To reach that conclusion, the court analyzed more than 70 fee awards in recent TCPA deals to hold that class counsel had asked for too much in fees, cutting the award to just over 20 percent of the settlement's value. The courtestimated the prevailing market rate for fees in TCPA class cases by considering empirical data sets of class action attorneys' fees in recent cases.

Size of Settlement ‘Slightly Deceiving.'

The plaintiffs alleged that Capital One Bank (USA) NA and three debt collection agencies violated the TCPA, 47 U.S.C. § 227(b)(1)(A), by calling their mobile phones to collect credit card debts using an automatic telephone dialing system or an artificial or prerecorded voice without their prior express consent.

The parties reached a $75.5 million settlement agreement, which was preliminary approved in July 2014.

Notice of the settlement reached almost 16 million known class members, but only 1.38 million—7.87 percent of the estimated class—filed claims, according to the court.

After subtracting notice and administration costs ($5.09 million), class counsel's requested service awards for the five named plaintiffs ($25,000) and class counsel's requested fee award ($22.6 million), the value to class members is $47.7 million, the court said. That works out to $34.60 for each claimant.

Fees in Approved TCPA Class Settlements Since 2010
Recovery Range Mean Fee (%) Median Fee (%) Standard Deviation   # of Cases
Less than $345,000 31.2 31.5 3.1   8
$345,000 $510,000 33.1 33.3 2.8   7
$510,000 $1.1 Million 37.1 33.0 18.1   7
$1.1 million $1.6 million 29.4 33.3 6.3   7
$1.6 million $2.6 million 30.7 30.7 4.1   7
$2.6 million $4.6 million 26.1 33.0 10.2   7
$4.6 million $7.0 million 24.1 25.0 9.8   7
$7.0 million $9.8 million 25.8 25.0 4.6   7
$9.8 million $15.9 million 23.7 25.0 8.6   7
$15.9 million $39.9 million 17.2 17.7 4.8   8

When preliminary approval was granted, the defendants said the settlement was the largest cash sum in the 22-year history of the TCPA.

“That fact, though true, is slightly deceiving because the size of the settlement amount is attributable mainly to the large size of the class—17.5 million people,” the court noted. “The recovery per class member—excluding administrative costs, Named Plaintiff awards, and attorneys’ fees—is a relatively diminutive $2.72.”

The per-claimant recovery of $34.60 “falls within the range of recoveries in other TCPA actions,” the court said.

It concluded that the settlement was “fair, reasonable, and adequate” and therefore met the requirements of Fed.
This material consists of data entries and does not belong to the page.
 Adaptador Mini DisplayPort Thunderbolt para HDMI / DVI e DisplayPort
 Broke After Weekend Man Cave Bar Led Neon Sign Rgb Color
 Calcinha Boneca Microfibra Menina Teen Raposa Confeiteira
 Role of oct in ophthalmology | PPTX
R. Civ. P. 23(e)(2).

Fee Percentage Too High

Class counsel requested a fee award of $22.6 million, which they said constituted 30 percent of the $75.5 million settlement fund.

But the court found that class counsel improperly included administrative and notice costs and the named plaintiff service awards when calculating their fee.
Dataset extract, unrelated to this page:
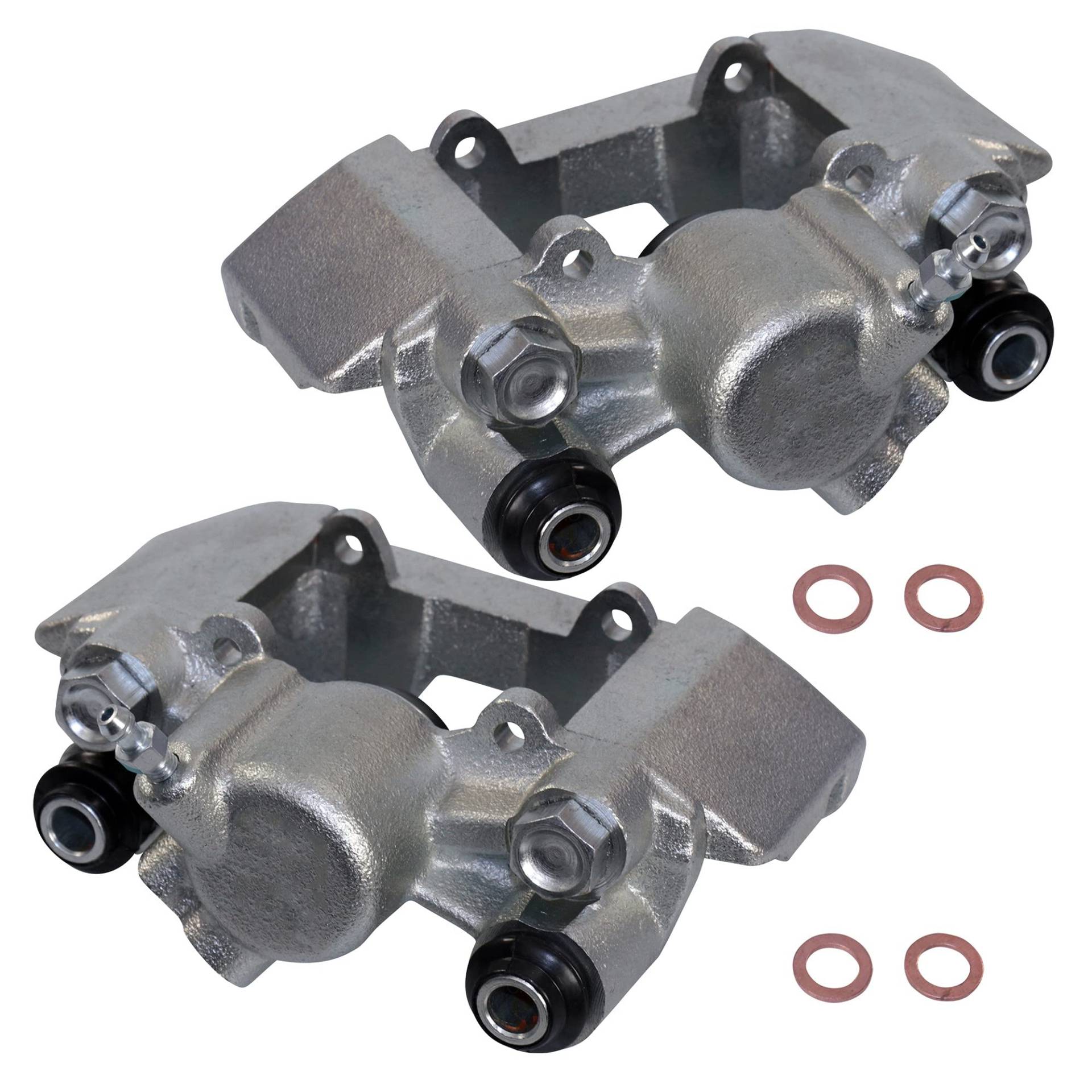 BESTPRICE 2x Bremssattel hinten links und rechts Bremszange mit 1 Kolben, Kompatibel mit TOYOTA YARIS (_P1_) von BESTPRICE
After subtracting these amounts, the court found that the total money to split among the class and counsel is just over $70 million. Counsel's requested fee was slightly above 32 percent of this new total, the court said.
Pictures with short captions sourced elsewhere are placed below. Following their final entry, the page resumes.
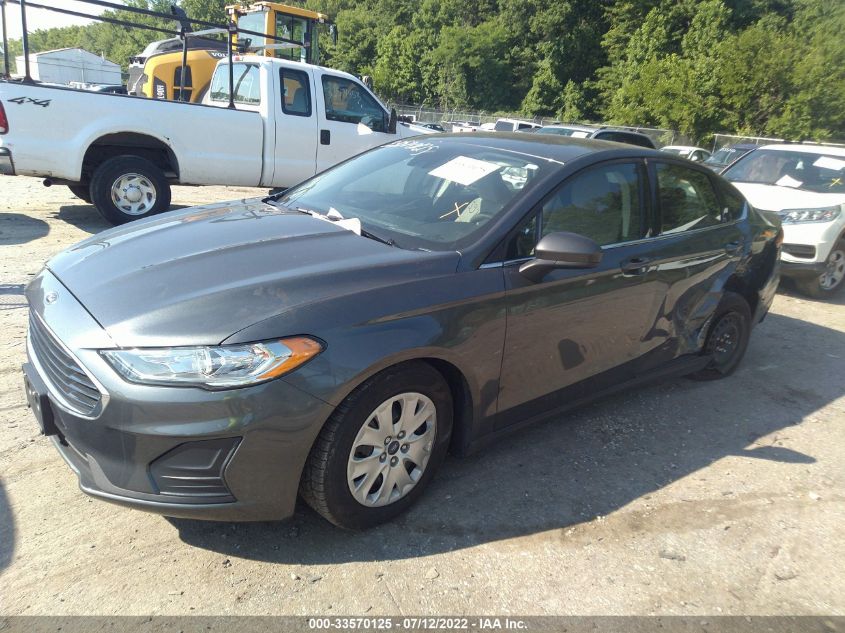 2020 FORD FUSION S VIN: 3FA6P0G73LR144080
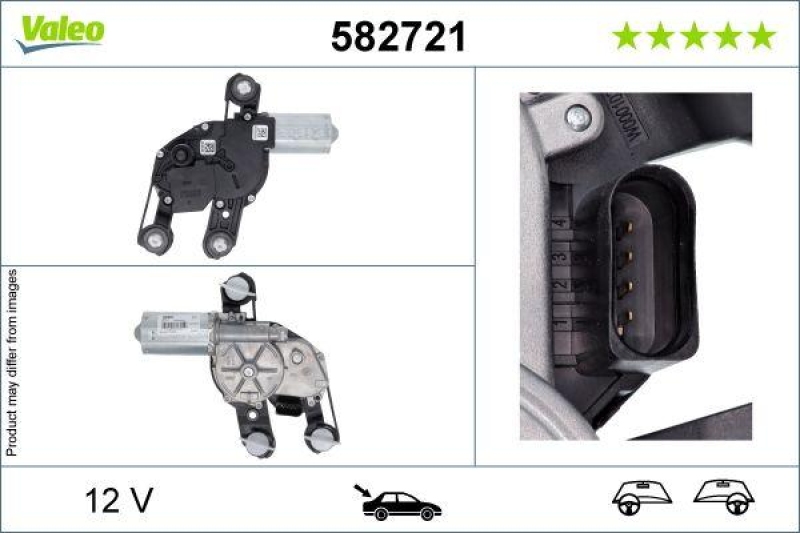 VALEO 582721 Wischermotor Heck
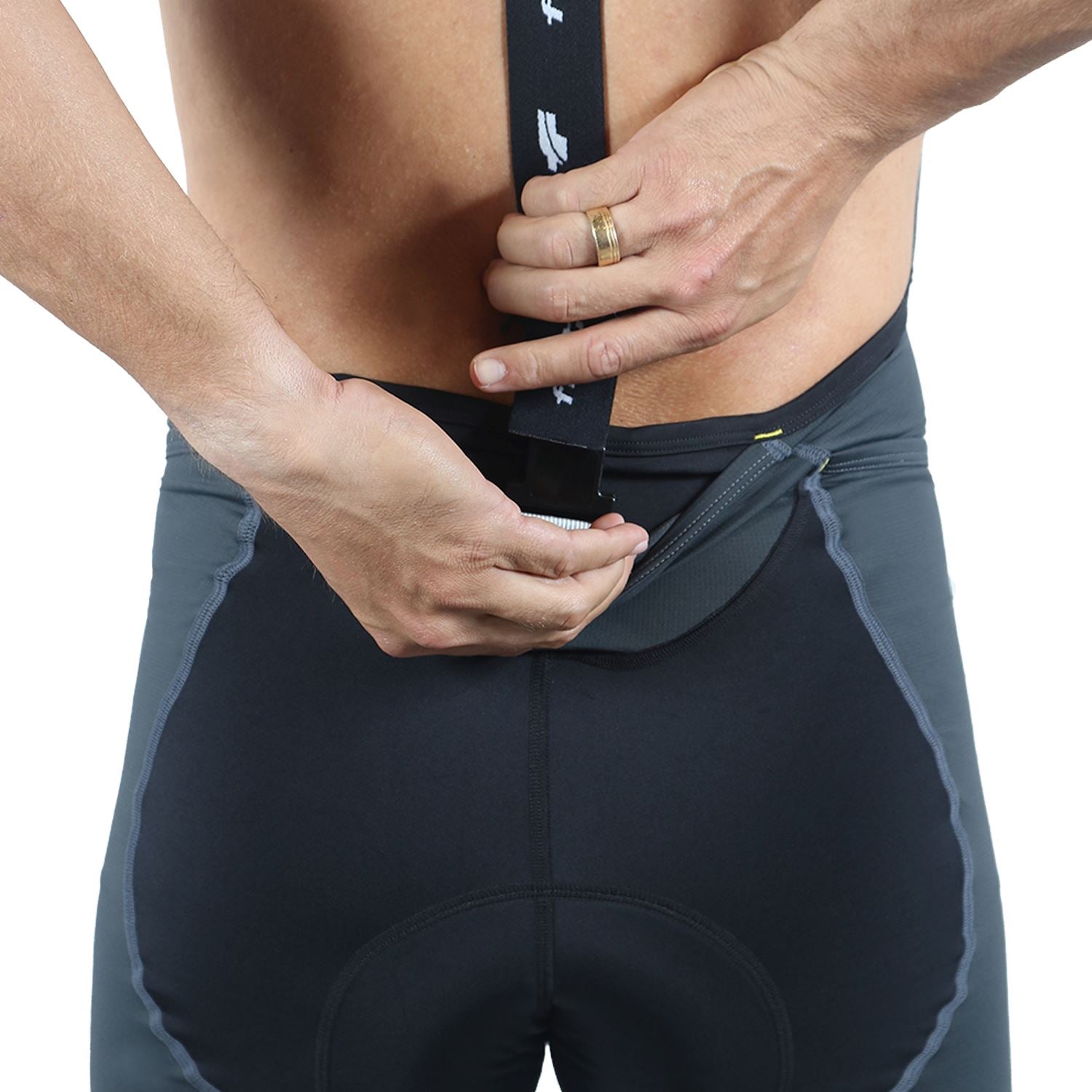 Bretelle Pee and Poop Easy Preto c/ Estanho Masculino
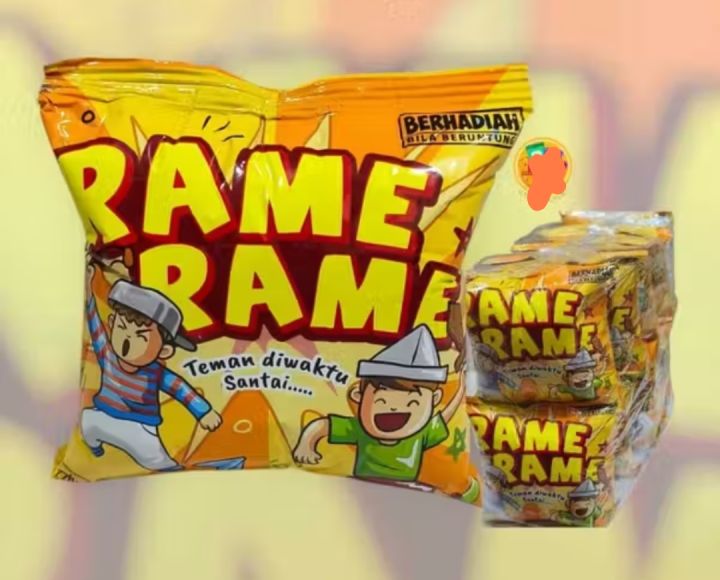 Ciki Rame Rame Snack Ciki Rame Rame (Berhadiah) kemasan 1pack isi 10pcs | Lazada Indonesia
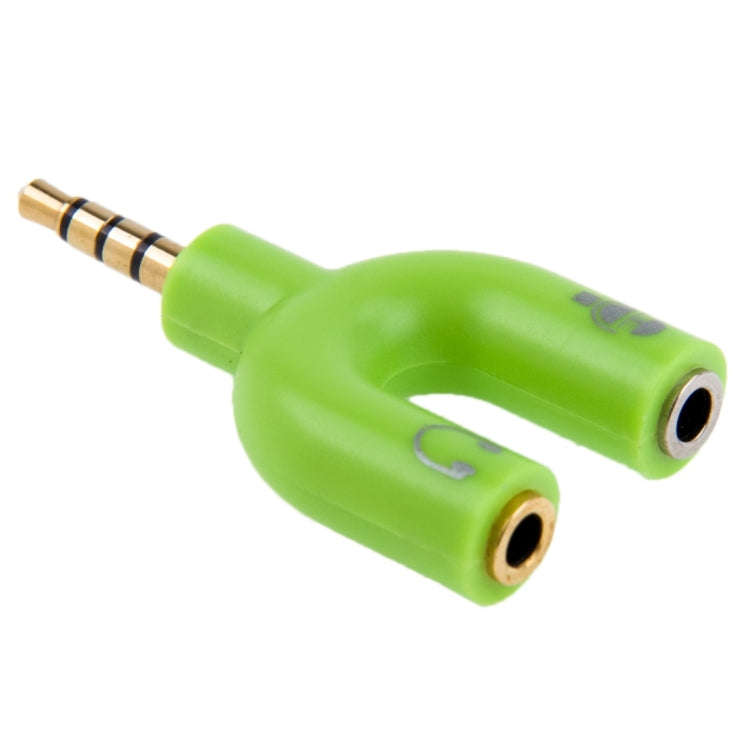 3.5mm Stereo Male to 3.5mm Headphone & Mic Female Splitter Adapter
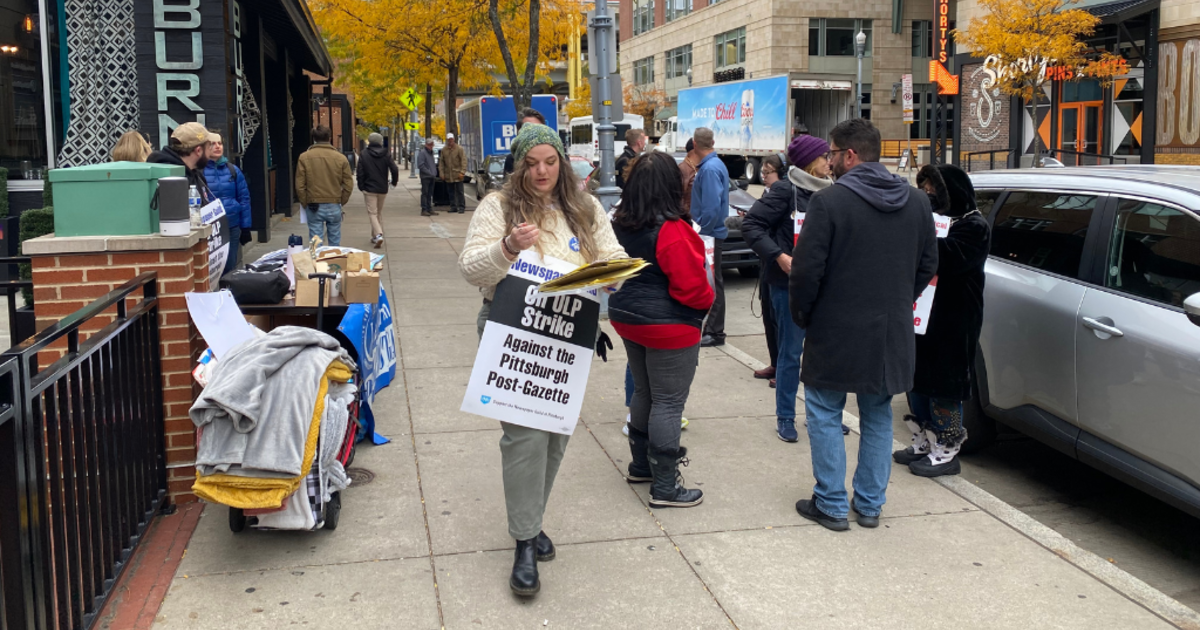Weekend edition of Post-Gazette spotted amid worker strike - CBS Pittsburgh
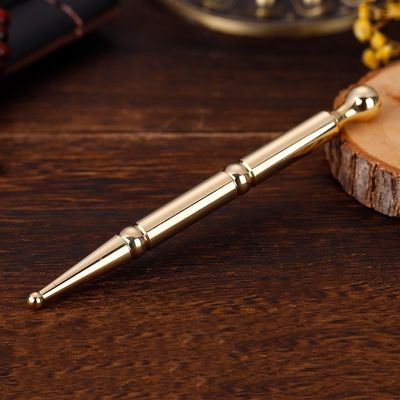 Proba de corpo de metal Acupressão caneta avançada de latão acupuntura terapia de orelha massagista para massagem corporal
After reviewing several empirical studies on attorneys' fee awards in TCPA and other class settlements, the court concluded that 32 percent exceeds the market rate. It then adjusted the fee percentage down to 20.77 percent, resulting in a fee award of $15.7 million.

The court determined that the money available as a result of its reduction to the requested fee should go to the class members, increasing each claimant's payment to at least $39.66.

Lieff Cabraser Heimann & Bernstein LLP and Meyer Wilson Co. represented the plaintiffs. Faegre Baker Daniels LLP and others represented the defendants.